**DATA SHOWN**
■ ■ ■

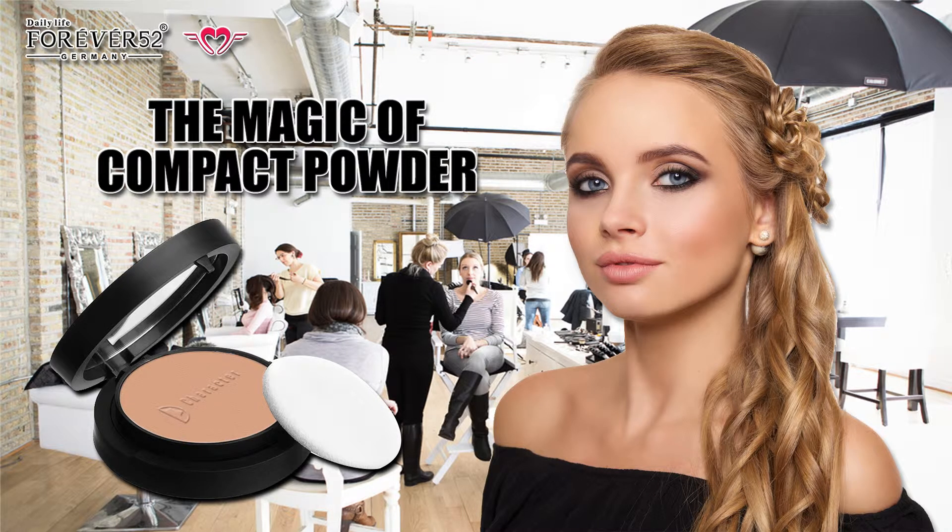Compact powder adds a matte and polished look to your skin, making your skin tone even. Carry it with you at all times and apply it over your makeup anytime for a fresh and perfect look.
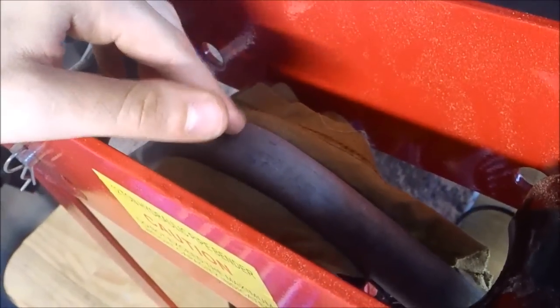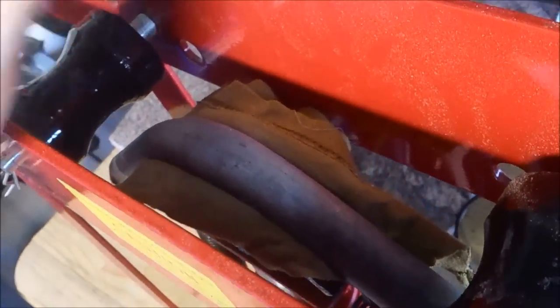What I've done is I've shimmed one of the dies with a rag which is just folded over, and that seems to be giving it enough support. The wall thickness of the pipe seems to be holding up pretty decently.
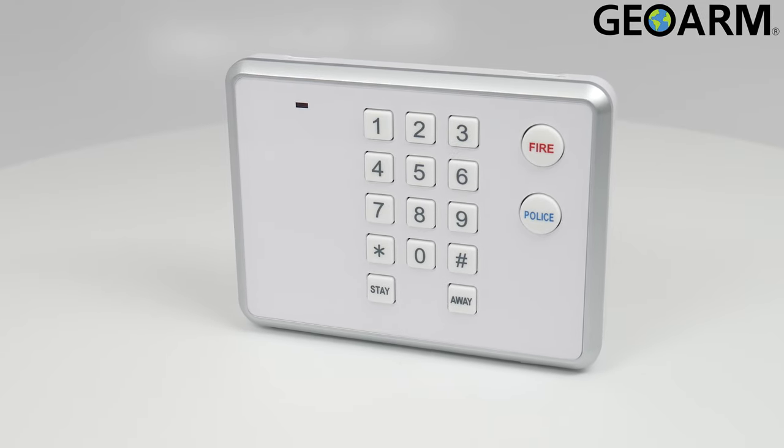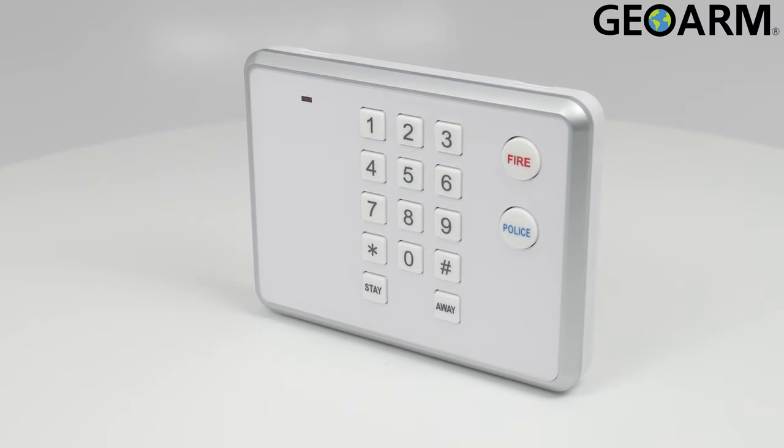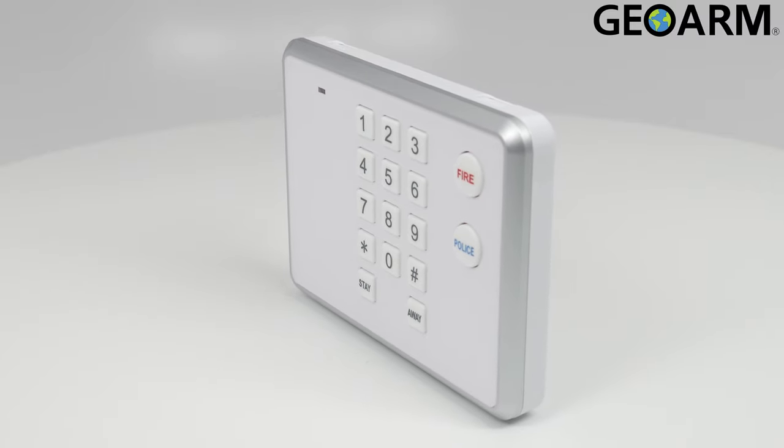Introducing the 2GIG Pad 1-345, a wireless secondary touchpad from 2GIG. This device operates over the 345 MHz frequency.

■ ■ ■

**WHAT IS EXPECTED**
Retype all the data exactly; skip the pictures.

**RESULT FOR THIS EXERCISE**
Compact powder adds a matte and polished look to your skin, making your skin tone even. Carry it with you at all times and apply it over your makeup anytime for a fresh and perfect look.
What I've done is I've shimmed one of the dies with a rag which is just folded over, and that seems to be giving it enough support. The wall thickness of the pipe seems to be holding up pretty decently.
Introducing the 2GIG Pad 1-345, a wireless secondary touchpad from 2GIG. This device operates over the 345 MHz frequency.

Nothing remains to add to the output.